- **TASK**
Please return every line of the material verbatim and skip any images.

- **INFORMATION SHOWN**
....

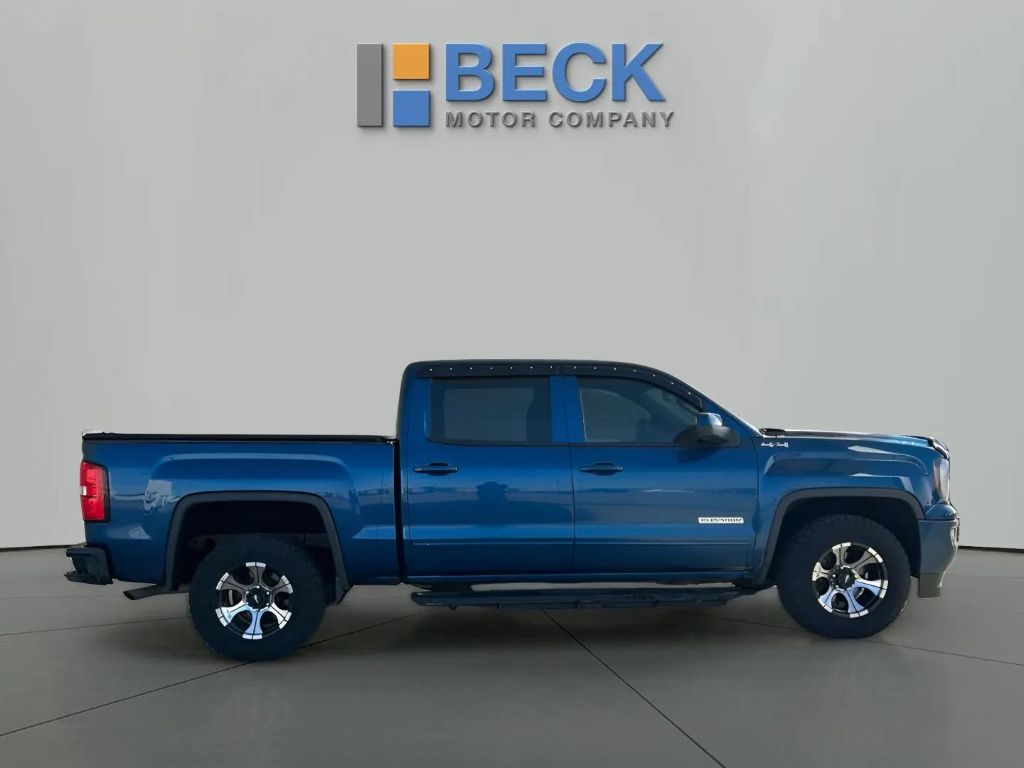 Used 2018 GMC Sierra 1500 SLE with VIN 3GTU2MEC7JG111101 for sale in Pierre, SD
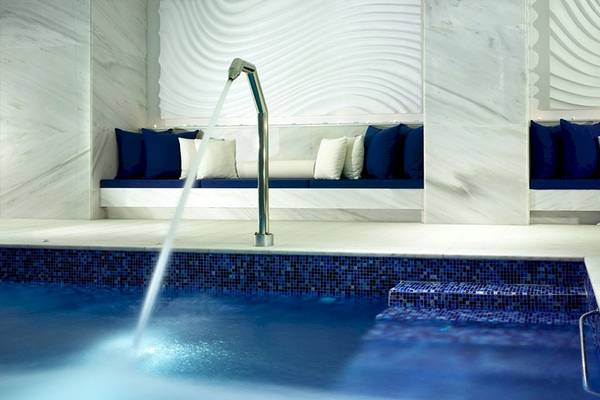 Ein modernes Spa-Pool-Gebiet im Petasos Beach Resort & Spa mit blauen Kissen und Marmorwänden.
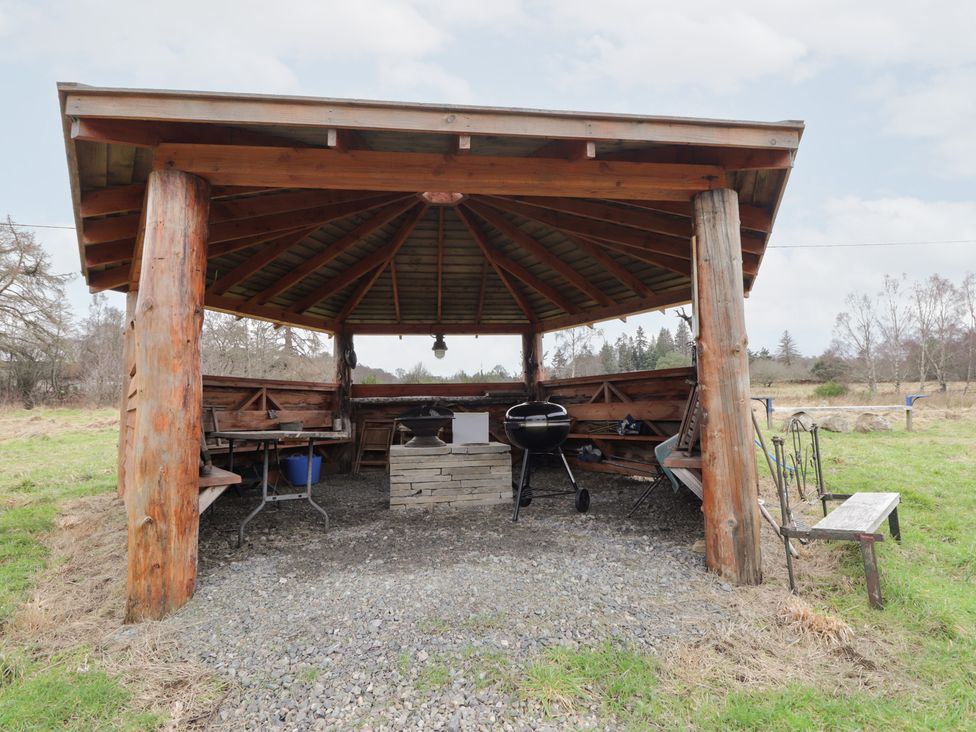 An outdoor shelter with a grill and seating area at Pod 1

....

- **EXERCISE OUTPUT**
 Used 2018 GMC Sierra 1500 SLE with VIN 3GTU2MEC7JG111101 for sale in Pierre, SD
 Ein modernes Spa-Pool-Gebiet im Petasos Beach Resort & Spa mit blauen Kissen und Marmorwänden.
 An outdoor shelter with a grill and seating area at Pod 1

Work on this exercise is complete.